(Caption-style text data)
((

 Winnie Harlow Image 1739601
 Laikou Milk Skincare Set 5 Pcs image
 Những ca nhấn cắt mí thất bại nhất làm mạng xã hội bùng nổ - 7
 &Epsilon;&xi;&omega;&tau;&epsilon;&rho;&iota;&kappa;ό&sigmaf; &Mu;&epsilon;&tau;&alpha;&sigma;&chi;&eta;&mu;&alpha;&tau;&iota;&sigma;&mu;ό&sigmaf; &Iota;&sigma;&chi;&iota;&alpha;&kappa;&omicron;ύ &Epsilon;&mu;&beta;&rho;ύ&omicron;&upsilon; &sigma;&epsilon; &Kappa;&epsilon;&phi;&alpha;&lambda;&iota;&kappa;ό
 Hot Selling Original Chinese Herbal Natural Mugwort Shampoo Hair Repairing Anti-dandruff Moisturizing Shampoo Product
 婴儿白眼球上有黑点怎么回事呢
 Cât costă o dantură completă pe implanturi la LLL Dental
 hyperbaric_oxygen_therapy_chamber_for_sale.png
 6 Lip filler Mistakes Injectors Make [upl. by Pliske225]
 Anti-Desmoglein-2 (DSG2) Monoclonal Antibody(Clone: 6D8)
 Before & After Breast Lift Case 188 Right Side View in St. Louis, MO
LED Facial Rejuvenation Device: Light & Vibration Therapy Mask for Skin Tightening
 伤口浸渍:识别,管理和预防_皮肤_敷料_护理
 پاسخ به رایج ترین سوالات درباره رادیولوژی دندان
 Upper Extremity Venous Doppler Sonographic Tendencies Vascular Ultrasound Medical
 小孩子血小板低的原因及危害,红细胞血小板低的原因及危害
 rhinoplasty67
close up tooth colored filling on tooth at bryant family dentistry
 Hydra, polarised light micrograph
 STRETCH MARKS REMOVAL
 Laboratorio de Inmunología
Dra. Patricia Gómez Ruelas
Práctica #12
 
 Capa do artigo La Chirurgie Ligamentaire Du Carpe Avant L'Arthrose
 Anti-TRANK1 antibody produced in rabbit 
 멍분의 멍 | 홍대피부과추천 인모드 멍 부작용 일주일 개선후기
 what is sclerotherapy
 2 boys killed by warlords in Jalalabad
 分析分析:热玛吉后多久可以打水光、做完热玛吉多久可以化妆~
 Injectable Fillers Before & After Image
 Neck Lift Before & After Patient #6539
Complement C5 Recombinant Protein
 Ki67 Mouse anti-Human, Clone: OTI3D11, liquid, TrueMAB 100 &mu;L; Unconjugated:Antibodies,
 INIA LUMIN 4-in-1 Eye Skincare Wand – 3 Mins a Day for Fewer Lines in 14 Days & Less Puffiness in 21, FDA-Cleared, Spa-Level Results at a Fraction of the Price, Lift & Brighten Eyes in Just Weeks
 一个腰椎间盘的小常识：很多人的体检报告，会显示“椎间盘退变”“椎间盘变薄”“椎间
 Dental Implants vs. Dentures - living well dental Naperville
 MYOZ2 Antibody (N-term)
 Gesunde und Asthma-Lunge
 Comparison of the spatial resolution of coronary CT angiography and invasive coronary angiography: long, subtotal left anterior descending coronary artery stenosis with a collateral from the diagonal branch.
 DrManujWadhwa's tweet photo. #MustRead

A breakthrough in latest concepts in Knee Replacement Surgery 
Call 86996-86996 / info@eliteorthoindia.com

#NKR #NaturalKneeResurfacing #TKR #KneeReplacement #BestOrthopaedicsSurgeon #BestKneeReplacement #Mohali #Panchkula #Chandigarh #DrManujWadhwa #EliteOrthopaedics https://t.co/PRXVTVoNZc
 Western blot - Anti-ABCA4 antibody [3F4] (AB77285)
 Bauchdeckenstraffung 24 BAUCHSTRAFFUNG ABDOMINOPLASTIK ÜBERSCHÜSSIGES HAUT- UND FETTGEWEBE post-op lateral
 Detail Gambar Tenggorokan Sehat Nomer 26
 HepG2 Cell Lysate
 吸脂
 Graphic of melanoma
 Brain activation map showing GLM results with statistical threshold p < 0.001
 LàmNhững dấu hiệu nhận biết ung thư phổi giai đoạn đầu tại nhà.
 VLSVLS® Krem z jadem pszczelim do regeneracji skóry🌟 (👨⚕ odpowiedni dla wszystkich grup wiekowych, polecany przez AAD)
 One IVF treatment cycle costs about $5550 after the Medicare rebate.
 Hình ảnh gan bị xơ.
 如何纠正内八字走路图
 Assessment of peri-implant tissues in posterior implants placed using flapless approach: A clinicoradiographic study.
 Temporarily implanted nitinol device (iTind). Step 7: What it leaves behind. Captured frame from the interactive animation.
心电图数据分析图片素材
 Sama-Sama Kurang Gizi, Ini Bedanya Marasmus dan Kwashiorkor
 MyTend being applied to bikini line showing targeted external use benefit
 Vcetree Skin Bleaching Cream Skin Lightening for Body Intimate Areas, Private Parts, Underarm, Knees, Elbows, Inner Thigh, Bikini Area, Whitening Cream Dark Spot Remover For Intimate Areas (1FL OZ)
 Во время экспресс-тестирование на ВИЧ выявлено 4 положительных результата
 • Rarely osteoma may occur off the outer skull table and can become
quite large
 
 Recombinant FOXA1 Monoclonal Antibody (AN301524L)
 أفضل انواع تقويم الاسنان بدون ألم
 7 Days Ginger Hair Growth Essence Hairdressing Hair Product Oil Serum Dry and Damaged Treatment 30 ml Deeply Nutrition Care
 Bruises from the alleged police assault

))

◆ **TASK TO CARRY OUT**: Down to the last line, return the data above exactly.

◆ **SOLUTION FOR THIS EXERCISE**:
 Winnie Harlow Image 1739601
 Laikou Milk Skincare Set 5 Pcs image
 Những ca nhấn cắt mí thất bại nhất làm mạng xã hội bùng nổ - 7
 &Epsilon;&xi;&omega;&tau;&epsilon;&rho;&iota;&kappa;ό&sigmaf; &Mu;&epsilon;&tau;&alpha;&sigma;&chi;&eta;&mu;&alpha;&tau;&iota;&sigma;&mu;ό&sigmaf; &Iota;&sigma;&chi;&iota;&alpha;&kappa;&omicron;ύ &Epsilon;&mu;&beta;&rho;ύ&omicron;&upsilon; &sigma;&epsilon; &Kappa;&epsilon;&phi;&alpha;&lambda;&iota;&kappa;ό
 Hot Selling Original Chinese Herbal Natural Mugwort Shampoo Hair Repairing Anti-dandruff Moisturizing Shampoo Product
 婴儿白眼球上有黑点怎么回事呢
 Cât costă o dantură completă pe implanturi la LLL Dental
 hyperbaric_oxygen_therapy_chamber_for_sale.png
 6 Lip filler Mistakes Injectors Make [upl. by Pliske225]
 Anti-Desmoglein-2 (DSG2) Monoclonal Antibody(Clone: 6D8)
 Before & After Breast Lift Case 188 Right Side View in St. Louis, MO
LED Facial Rejuvenation Device: Light & Vibration Therapy Mask for Skin Tightening
 伤口浸渍:识别,管理和预防_皮肤_敷料_护理
 پاسخ به رایج ترین سوالات درباره رادیولوژی دندان
 Upper Extremity Venous Doppler Sonographic Tendencies Vascular Ultrasound Medical
 小孩子血小板低的原因及危害,红细胞血小板低的原因及危害
 rhinoplasty67
close up tooth colored filling on tooth at bryant family dentistry
 Hydra, polarised light micrograph
 STRETCH MARKS REMOVAL
 Laboratorio de Inmunología
Dra. Patricia Gómez Ruelas
Práctica #12
 
 Capa do artigo La Chirurgie Ligamentaire Du Carpe Avant L'Arthrose
 Anti-TRANK1 antibody produced in rabbit 
 멍분의 멍 | 홍대피부과추천 인모드 멍 부작용 일주일 개선후기
 what is sclerotherapy
 2 boys killed by warlords in Jalalabad
 分析分析:热玛吉后多久可以打水光、做完热玛吉多久可以化妆~
 Injectable Fillers Before & After Image
 Neck Lift Before & After Patient #6539
Complement C5 Recombinant Protein
 Ki67 Mouse anti-Human, Clone: OTI3D11, liquid, TrueMAB 100 &mu;L; Unconjugated:Antibodies,
 INIA LUMIN 4-in-1 Eye Skincare Wand – 3 Mins a Day for Fewer Lines in 14 Days & Less Puffiness in 21, FDA-Cleared, Spa-Level Results at a Fraction of the Price, Lift & Brighten Eyes in Just Weeks
 一个腰椎间盘的小常识：很多人的体检报告，会显示“椎间盘退变”“椎间盘变薄”“椎间
 Dental Implants vs. Dentures - living well dental Naperville
 MYOZ2 Antibody (N-term)
 Gesunde und Asthma-Lunge
 Comparison of the spatial resolution of coronary CT angiography and invasive coronary angiography: long, subtotal left anterior descending coronary artery stenosis with a collateral from the diagonal branch.
 DrManujWadhwa's tweet photo. #MustRead

A breakthrough in latest concepts in Knee Replacement Surgery 
Call 86996-86996 / info@eliteorthoindia.com

#NKR #NaturalKneeResurfacing #TKR #KneeReplacement #BestOrthopaedicsSurgeon #BestKneeReplacement #Mohali #Panchkula #Chandigarh #DrManujWadhwa #EliteOrthopaedics https://t.co/PRXVTVoNZc
 Western blot - Anti-ABCA4 antibody [3F4] (AB77285)
 Bauchdeckenstraffung 24 BAUCHSTRAFFUNG ABDOMINOPLASTIK ÜBERSCHÜSSIGES HAUT- UND FETTGEWEBE post-op lateral
 Detail Gambar Tenggorokan Sehat Nomer 26
 HepG2 Cell Lysate
 吸脂
 Graphic of melanoma
 Brain activation map showing GLM results with statistical threshold p < 0.001
 LàmNhững dấu hiệu nhận biết ung thư phổi giai đoạn đầu tại nhà.
 VLSVLS® Krem z jadem pszczelim do regeneracji skóry🌟 (👨⚕ odpowiedni dla wszystkich grup wiekowych, polecany przez AAD)
 One IVF treatment cycle costs about $5550 after the Medicare rebate.
 Hình ảnh gan bị xơ.
 如何纠正内八字走路图
 Assessment of peri-implant tissues in posterior implants placed using flapless approach: A clinicoradiographic study.
 Temporarily implanted nitinol device (iTind). Step 7: What it leaves behind. Captured frame from the interactive animation.
心电图数据分析图片素材
 Sama-Sama Kurang Gizi, Ini Bedanya Marasmus dan Kwashiorkor
 MyTend being applied to bikini line showing targeted external use benefit
 Vcetree Skin Bleaching Cream Skin Lightening for Body Intimate Areas, Private Parts, Underarm, Knees, Elbows, Inner Thigh, Bikini Area, Whitening Cream Dark Spot Remover For Intimate Areas (1FL OZ)
 Во время экспресс-тестирование на ВИЧ выявлено 4 положительных результата
 • Rarely osteoma may occur off the outer skull table and can become
quite large
 
 Recombinant FOXA1 Monoclonal Antibody (AN301524L)
 أفضل انواع تقويم الاسنان بدون ألم
 7 Days Ginger Hair Growth Essence Hairdressing Hair Product Oil Serum Dry and Damaged Treatment 30 ml Deeply Nutrition Care
 Bruises from the alleged police assault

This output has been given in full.